Mixed Reality
Blog post by Andreas Erben, CEO, CTO, Microsoft MVP & Regional Director, Scrum Trainer, Entrepreneur, Consultant, Speaker
The currently prevailing paradigm for designing and developing computer applications was primarily defined in the 1960s, over 50 years ago. The key innovations at that time were the Maus and the Touchscreen. The concept of the terminal with a graphical user interface using a mouse dates back to the late 1960s.
For most of us, this describes the reality of how we spend most of our time with information technology on smartphones and computers. This also results in our thinking being culturally anchored in this paradigm. When discussions about designing applications take place, it is natural to revert to this paradigm, even when talking about mixed reality applications.
When customers hear about augmented reality, virtual reality, mixed reality, extended reality, and other related keywords, most of them tend to think, without further explanation, of two-dimensional information resembling a computer display placed somewhere in a three-dimensional context. While this may be a reasonable approach in some cases, it generally represents a missed opportunity to think about applications, or more precisely, the problems to be solved and the resulting possibilities and new solutions.

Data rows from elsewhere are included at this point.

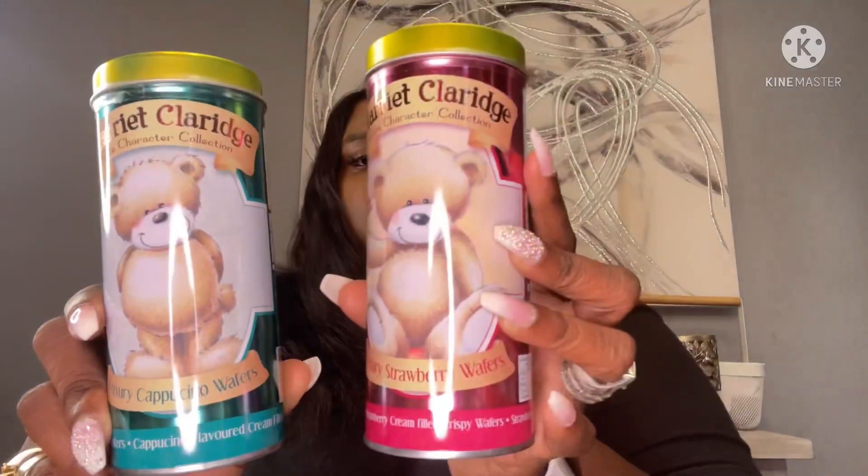I picked up some wafers by Harriet and Claridge — cappuccino wafers and strawberry wafers. I also got cookie and cream wafers and chocolate wafers. I picked up a total of four, which were all the flavors they had.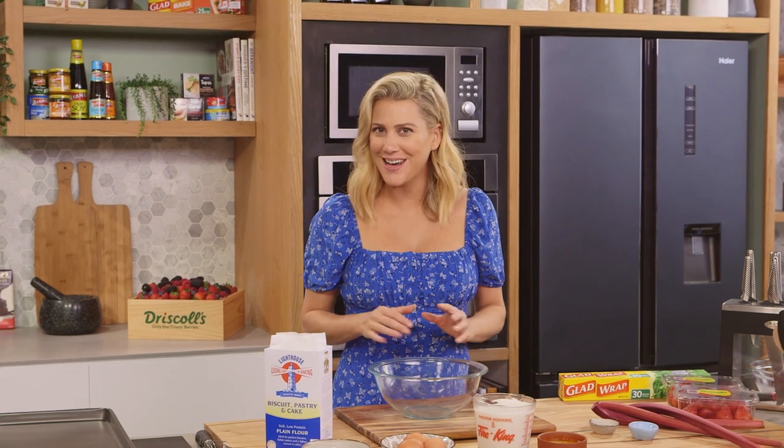My Auntie Iris and Uncle Bill grow the best rhubarb, so this recipe is for them because I know they also love crepes.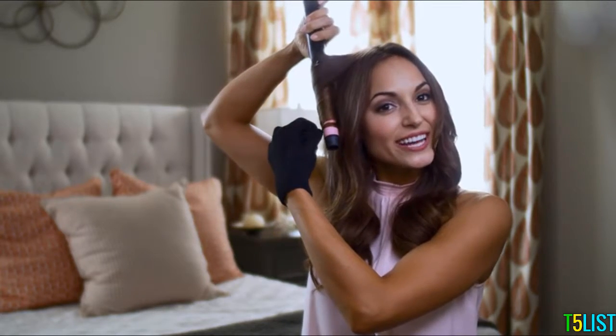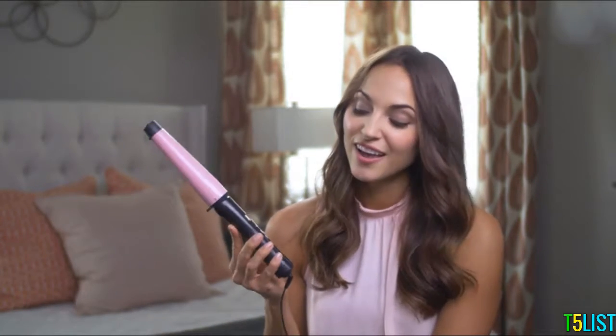Safety comes first. Thank you all so much for joining me today — that's all I have. I really hope that you're able to go out and find yourself a Remington Pearl ceramic wand and that you love it as much as I do. Bye bye!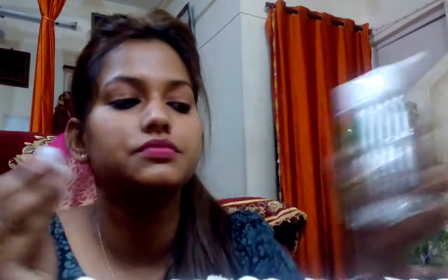The first nail paint hack is that whenever you apply bold colors or a long-lasting nail paint, it's very difficult to remove it all at one time. For that, you need to take a cotton ball, dab it in a remover like this, keep it on your nails for two minutes, push it tightly, and you can see your nail paint is removed.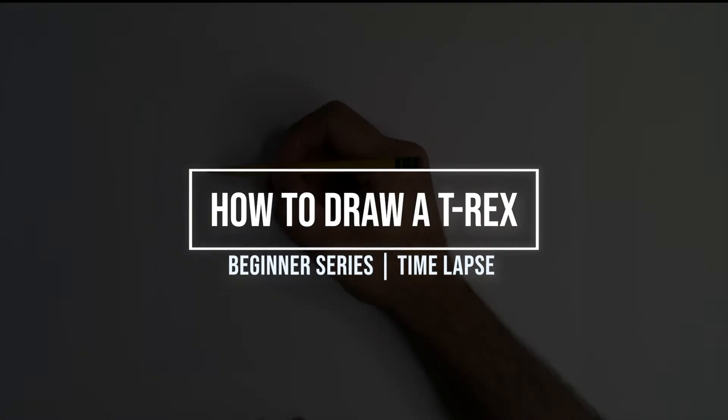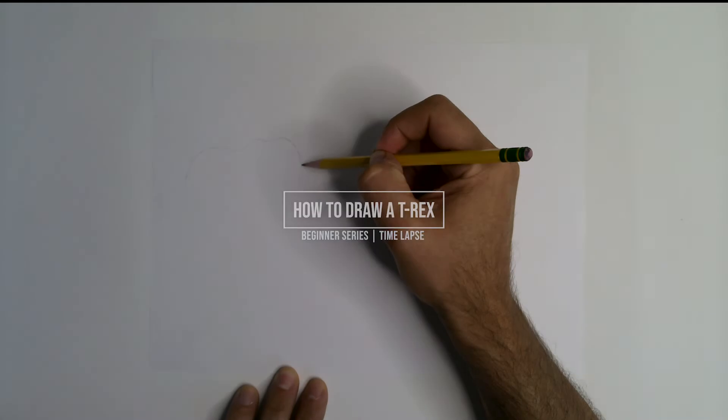Hey everyone, welcome back to my channel. Today we're going to learn how to draw a T-Rex.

I was fortunate to have been involved with virtual reality technologies and solutions in the mid-1990s, mainly in an academic context. At that time, the technology was far from commercially viable for widespread application, but interesting concepts were already emerging. For me, the main difference when I started working with Microsoft HoloLens was the new ability to interact with and perceive our real environment in a different way, realizing that an IT system can participate in a more natural interaction with our environment. This core function is sometimes referred to as “perception,” allowing the device to gain a certain understanding of what is happening in the real world through its sensors and algorithms.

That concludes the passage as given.